Aidan remained quiet for a few moments. “Tell them what happened today in Edmonds. The official story,” she added when he raised an eyebrow. “Tell them I love them, but that I needed to deal with what happened, and that it involves going back to my roots.” She shrugged as though that would be enough of a cryptic explanation. “They won’t like it. They’ll probably be hurt, but I know you can get them through it. The important thing is Chris will get through it.”
Trent tightened his hold on the wheel. He hated this. He had half a mind to turn around and go back, to keep her with him, but knew he couldn’t. This was her decision, and it was the right one. He just didn’t want to live without her.
“Aidan, will you marry me?”
“What?” She sounded surprised. “I don’t think there’s time.”
That made him smile; it wasn’t a no
. “When you get back. I’ll propose more formally then too, but…I just wanted you to know my intentions before you left.” He glanced at her.
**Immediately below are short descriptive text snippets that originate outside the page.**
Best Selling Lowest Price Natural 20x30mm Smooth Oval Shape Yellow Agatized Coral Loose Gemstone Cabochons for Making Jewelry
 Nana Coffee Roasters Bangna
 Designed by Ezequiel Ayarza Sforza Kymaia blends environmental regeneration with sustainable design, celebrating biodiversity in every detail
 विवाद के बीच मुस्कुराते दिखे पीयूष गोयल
She tilted her head to look at him, her eyes watering like pools of molten fire. “Yes.”
Trent pulled off onto a side road that would take them up an isolated trail to a campground parallel to the cabin. The closer they got to the spot, the tighter his heart constricted within his chest. He pulled into a clearing and stopped the car. The sun was beginning to sink, casting bright, horizontal rays against the bark of trees and patches of white snow. Trent got a wheelchair from the trunk and took it around to the back. Carefully, he lifted Chris into it while Aidan held the IV bag. They moved several feet away from the car, and Aidan turned around to face them. The lines around her eyes crinkled with pain, just as Trent felt. She suddenly moved into his arms and kissed him. Her hands ran through his hair and clutched at his shirt, desperate as though she knew she wouldn’t be able to convey all she felt in words alone.
She finally pulled away, her chest heaving. “I love you.” Tears glistened in the corners of her eyes.
“I love you,” he whispered back. “It’s not forever, not this time.”
Aidan nodded. “I know.” She took a deep breath and knelt in front of Chris. She shook his shoulder gently. “Chris,” she called. He stirred and moaned, but couldn’t open his eyes.
“Happy New Year.” She leaned in and kissed him, and as she did, she began to glow like the feather in the box had. The light grew brighter, and Trent had to take a step back from its intensity. He watched, frozen in awestruck wonder as Aidan appeared to age. She grew thin and pale, and her stunning red hair waned to a pale yellow. She was still beautiful, Trent thought. Chris, on the other hand, looked as though life was pouring back into him, which is exactly what was happening. The hollows around his face filled in, the lines and shadows faded. His color came back, bright and flush.